The dramatic rise in the use of non-competes and other contracts restricting workers who need or want to take a new job has led to a host of problems, not just for the workers but for employers as well. Consequently, there is a rising tide of calls for reform at both the state and federal levels that would limit the use of these agreements from being applied to lower wage workers, or in some cases ban them outright.

So, What’s the Problem with Non-competes and Why are Leaders Calling for Change?

While the stated intent of non-competes and similar restrictive agreements may be to protect a company’s trade secrets or investments in specialized training for its employees, the practical effect of the rising use of non-competes is to unfairly block workers from changing jobs. Without the ability to change jobs, may workers, especially those in lower wage positions, lose the ability to improve or advance by moving to another job with higher wages or better working conditions. This limits their economic opportunities and suppresses their income.

But the problems with non-competes are not limited to lower wage earners.
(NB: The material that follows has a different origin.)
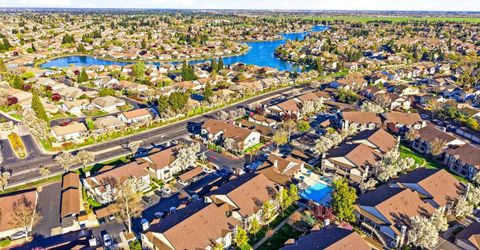 9444 Harbour Point Dr #264, Unit 264, Elk Grove, CA 95758 Photo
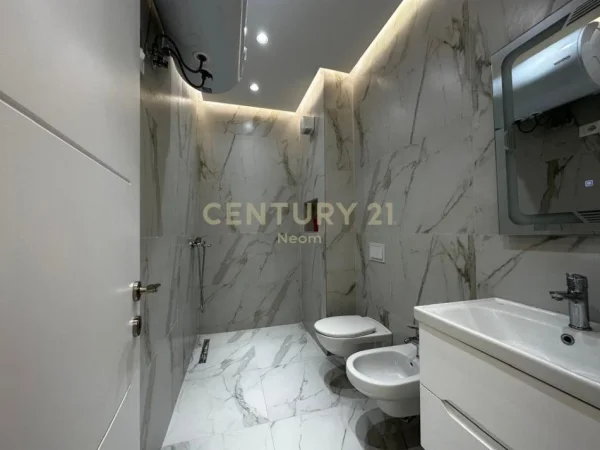 Tirane, jepet me qera apartament 2+1+Aneks+Ballkon Kati 9, 105 m² 860 € (Neom113991)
Studies have also shown that by limiting worker mobility, non-competes and similar restrictive agreements stifle innovation and economic growth in a state or region where they are enforced. For example, one study found that in states where non-competes are vigorously enforced, wages fall not only within that state but in neighboring states as well.

The limits a non-compete places on a worker’s ability to change jobs not only stifles innovation by preventing an employee with a good idea from starting out on his or her own, but it can also harm businesses looking for new talent. Companies looking to expand or hire experienced workers may be prevented from bringing on someone who has a non-compete in effect. Non-competes and similar restrictive employment agreements reduce innovation and economic development by obstructing the flow of knowledge and innovation in a local economy. Non-compete agreements have real economic costs that go beyond those that affect the employer and the worker who signed it.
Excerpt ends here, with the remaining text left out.